What to work on:
Please retype the data in full and exactly; the pictures are not part of the copy.

++++ Data section ++++

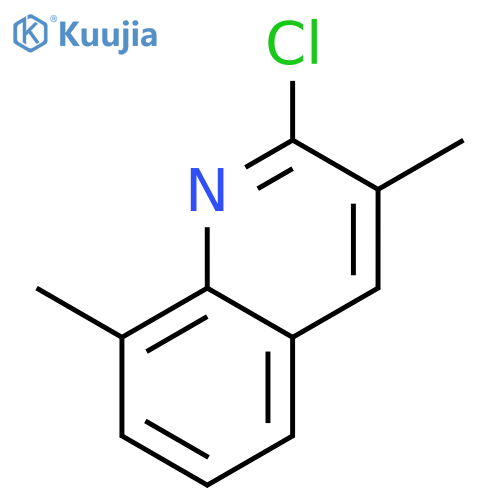 2-Chloro-3,8-dimethylquinoline structure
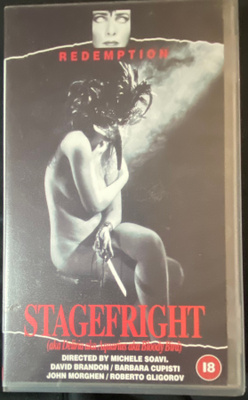 Stagefright - Michele Soavi VHS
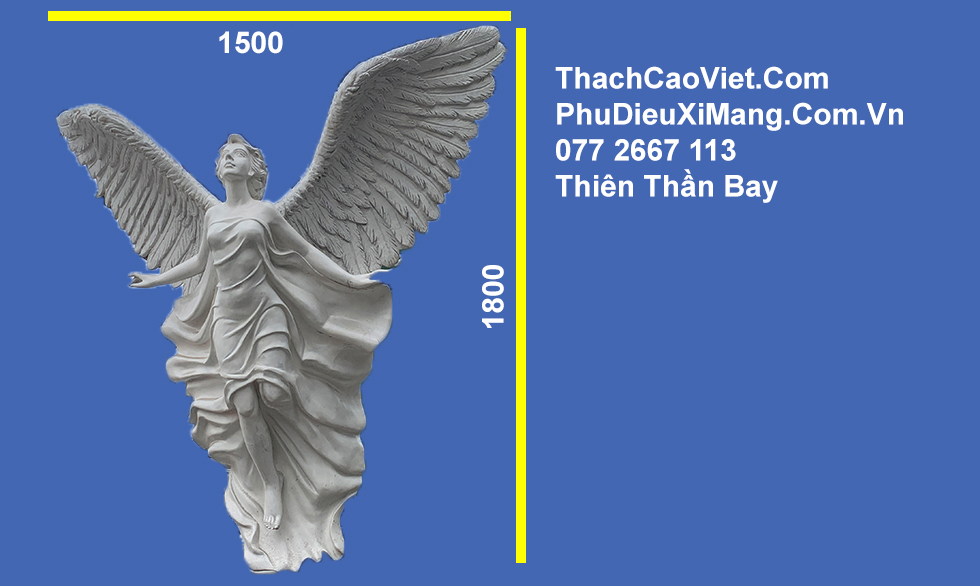 thiên thần bay đúc sẵn tại xưởng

++++

Exercise result:
 2-Chloro-3,8-dimethylquinoline structure
 Stagefright - Michele Soavi VHS
 thiên thần bay đúc sẵn tại xưởng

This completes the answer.